Lun, 13/07/2015 - 11:11
Sabato sera, in via Trieste a Locri, nello spazio riservato ai manifesti funebri, abbiamo appreso la notizia della scomparsa del fu gallo di Leonardo. La nostra giornalista Lidia Zitara, capace di comunicare con l’aldilà, lo ha intervistato per capire perché oggi il padrone piange la sua dipartita.

Egregio dottor gallo, grazie del suo tempo, come sta?
E come sto? Non mi vedi che sono morto?
In effetti m’era parso. Ma cosa le è successo?
Mica sono un veterinario! Che ne so? Ero bello tranquillo per i fatti miei, mentre cercavo dei lombrichi nell’aia, che mi sento improvvisamente male e cado per terra stecchito. Così. Non ho fatto neanche a tempo a emettere un suono, un lamento, un pio.
Scusi, ma la cosa risale a parecchio tempo fa.
Questa disgrazia mi è accaduta il 26 giugno, nel primo pomeriggio.
Lo abbiamo letto sul manifesto funebre. Le porgo le condoglianze a nome di tutta la redazione. Ma poi, mi scusi se le faccio questa domanda un po’ scabrosa, che ne è stato di lei?
Vuoi dire se sono stato fatto al forno?
Ecco, non la metterei così brutalmente…
Puoi rassicurarti, perché il mio padrone, Leonardo, mi amava moltissimo, e mi ha tumulato nel giardino, dove attualmente la mia lapide è venerata con gran devozione.
C’era molta gente al suo funerale?
C’era tutto il vicinato, più quello stronzo del galletto piccolo, quello che mi pizzicava le galline sotto al naso. Lo odio, dalla tomba gli ho mandato una maledizione!
E poi?
C’erano le gallinelle, i gatti e il cane di casa, e tutti hanno lasciato un fiore. Dopo avermi tumulato i miei padroni hanno piantato dei fiori che ora sono alti e rigogliosi (si asciuga una lacrima) … polvere alla polvere… sniff…

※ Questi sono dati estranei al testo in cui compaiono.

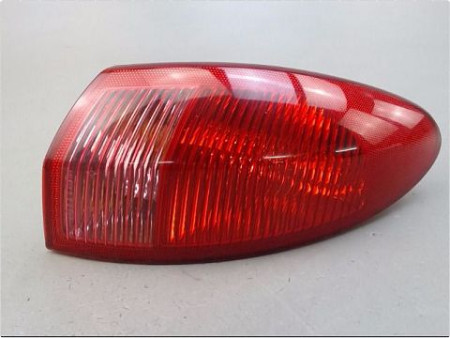FEU ARRIERE DROIT ALFA ROMEO 147 5P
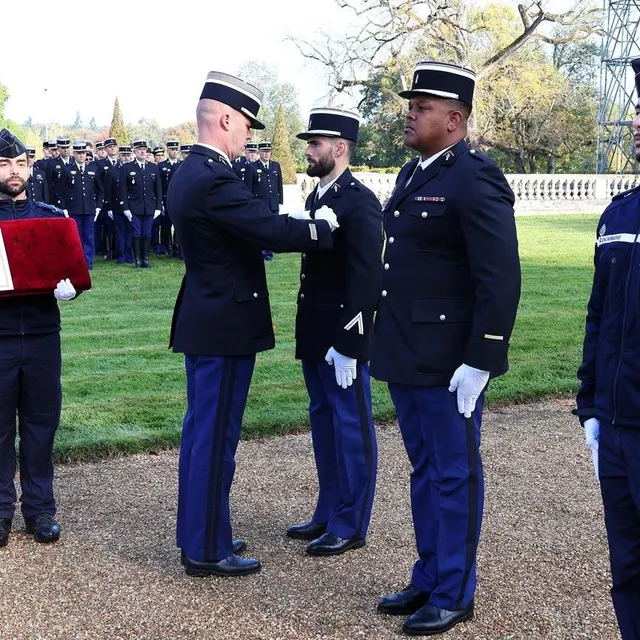 photo en marge de la prise de commandement, trois militaires ont été distingués par le colonel nicolas bracq : les gendarmes chevalier, dérozé et beauduceau.  ©  ouest-france
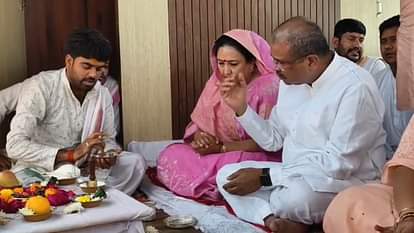 पिता की अस्थियों को संगम में विसर्जित करने पहुंचे केंद्रीय मंत्री धर्मेंद्र प्रधान।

Dottor gallo di Leonardo, scusi, ma nessuno è venuto a constatare se per caso lei è morto di aviaria?
Come di aviaria?
Ebbè! Lei è un gallo! Cioè, era. Insomma, succede!
Io morto di aviaria? Come ti permetti!
Ma mica è una colpa!
Sul manifesto c’è scritto di infarto, no?
Sì.
E allora vuol dire che sono morto d’infarto e non di aviaria! Perché, scusa, credi che i galli non possano morire d’infarto solo perché sono galli?
No, no, ma…
Ma quale ma e ma! Le frattaglie ve le mangiate o no? E cosa credi che ci sia nelle frattaglie? Anche noi galli abbiamo un cuore!